Aeration of milk. The custom has been extensively recommended of subjecting milk to the influence of air in the belief that such exposure permits of the interchange of gases that would improve the quality. In practice, this process, known as aeration, is carried on in different ways. In some cases, air is forced into the milk; in others, the milk is allowed to distribute itself in a thin sheet over a broad surface, falling in drops or tiny streams through the air. Whenever this process is carried on at a temperature lower than that of the milk, it results in more or less rapid cooling.
In earlier times, aeration was generally recommended and practiced, especially in connection with the cheese industry, but carefully controlled experiments fail to show that the process exerts any material influence on the rate of germ development. If it is carried out in an atmosphere more or less charged with bacteria, as in the barn or stable, it is more than likely to add to the bacterial content of the milk. While to some extent odors may be eliminated by the process, the custom is not followed so generally now as it used to be some years ago.
Absorption of taints. A tainted condition in milk may result from the development of bacteria, acting upon various constituents of the milk, and transforming these in such a way, as to produce by-products that impair the flavor or appearance of the liquid; or it may be produced by the milk being brought in contact with any odoriferous or aromatic substance, under conditions that permit of the direct absorption of such odors.

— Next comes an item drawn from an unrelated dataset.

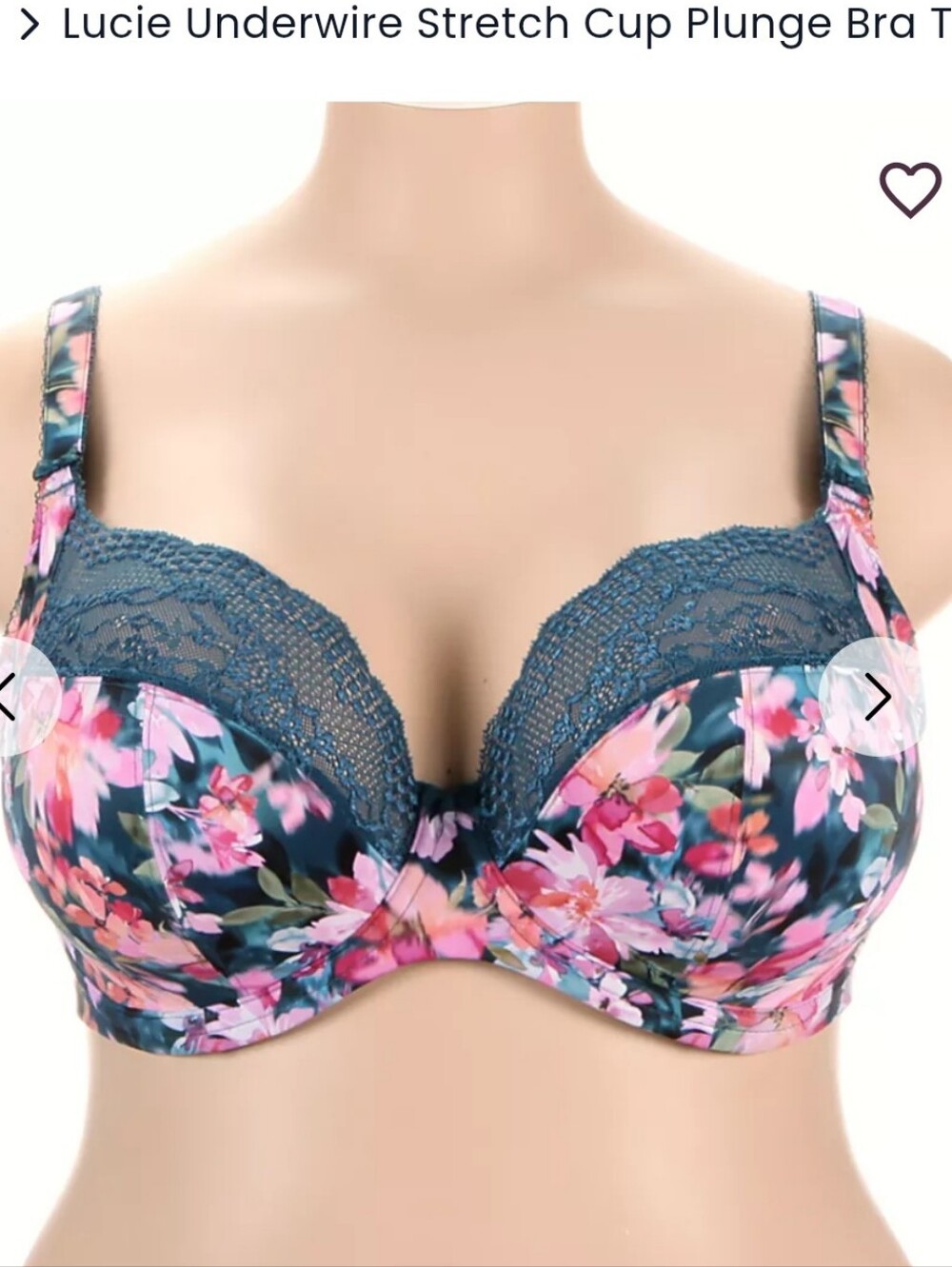 Elomi Lucie 42H (UK Size) Underwire Bra Teal Floral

This latter class of taints is entirely independent of bacterial action, and is largely attributable to the physical property which milk possesses of absorbing volatile odors. This direct absorption may occur before the milk is withdrawn from the animal, or afterwards if exposed to strong odors.
It is not uncommon for the milk of animals advanced in lactation to have a more or less strongly marked odor and taste; sometimes it is apt to be bitter, at other times salty to the taste. It is a defect that is peculiar to individual animals, and is liable to recur at approximately the same period in lactation. The peculiar "cowy" or "animal odor" of fresh milk is an inherent peculiarity that is due to the direct absorption of volatile elements from the animal herself.

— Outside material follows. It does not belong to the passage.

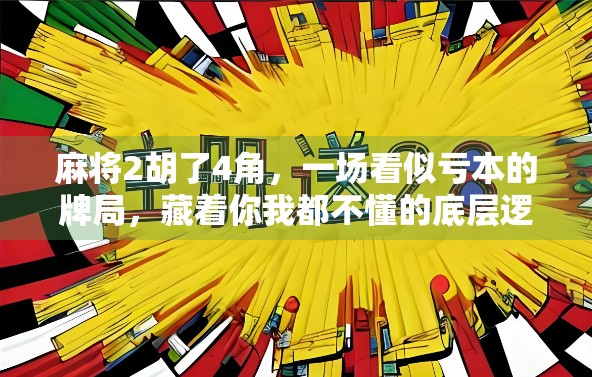 麻将2胡了4角，一场看似亏本的牌局，藏着你我都不懂的底层逻辑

Many kinds of feed consumed by the animal produce a more or less pronounced taint or flavor in the milk. With some plants, such as garlic, leeks, turnips, and cabbage, the odor is so pronounced as to render the milk quite unfit for use. In some states along the Atlantic seaboard, wild plants of this character in woodland pastures may be so abundant as to make it impossible to pasture milch animals. The difficulty in such cases is due to absorption of the volatile principles into the circulation of the animal, and if such feed is consumed shortly before milking, the characteristic odors appear in the milk. If consumed immediately after the milk is withdrawn from the animal, sufficient time may elapse so that the peculiar odors are dissipated before the milk is again secreted. The same principle applies in a lesser degree to the use of certain green fodders that are more suitable for feed, such as rape, green rye, or even silage. Silage produces a distinct, but not unpleasant odor in milk, but newly pastured rye often confers so strong an odor as to render the milk unusable.
Where certain drugs are employed in the treatment of animals, such as belladonna, castor oil, sulfur, or turpentine, the peculiar odors may reappear in the milk. Such mineral poisons as arsenic have been known to persist for a period of three weeks before elimination.

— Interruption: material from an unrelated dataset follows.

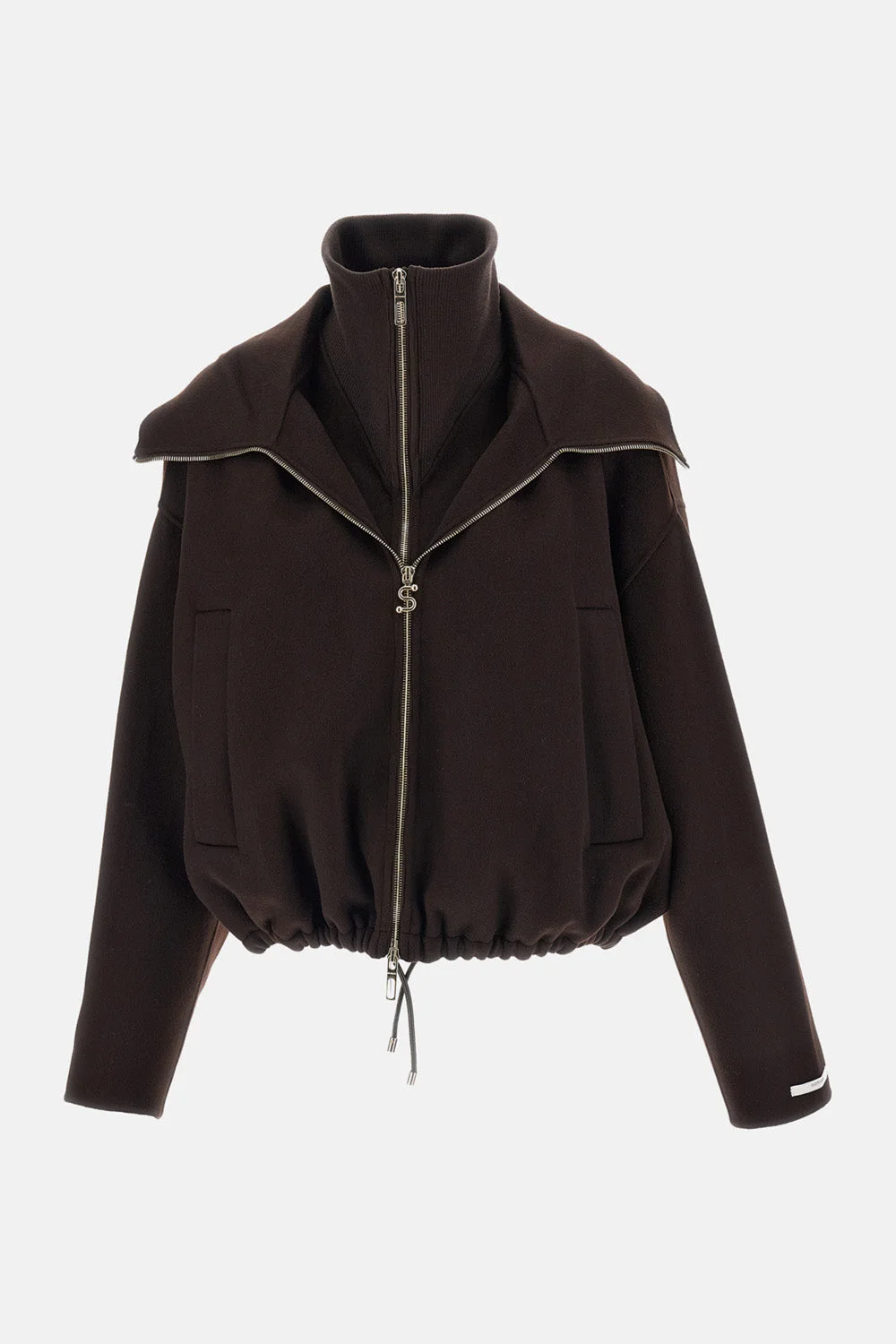 WOOL BOMBER WITH CONFIDENTIAL NECKLINE - 1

On account of the elimination of many drugs, unchanged, from the animal in the milk, the milk of any animal that is receiving medicine should not be used for human food. When such milk is mixed with that of a number of other animals and when it is used by adults, no harm is likely to result, but when the dilution is not great and the milk is used for young children it may affect them through its content of the drug. The feed may not only affect the quality of milk but its value as food. One of the most prominent of American dairymen, who has for many years produced milk especially for children's use, has said that he could feed his cows so as to make ill every child receiving the milk.
Absorption of odors after milking. If milk is brought in contact with strong odors after being drawn from the animal, it will absorb them readily, as in the barn, where frequently it is exposed to the odor of manure and other fermenting organic matter.
It has long been a popular belief that milk evolves odors and cannot absorb them so long as it is warmer than the surrounding air, but from experiments of one of us (R), it has been definitely shown that the direct absorption of odors takes place much more rapidly when the milk is warm than when cold, although under either condition, it absorbs volatile substances quite rapidly.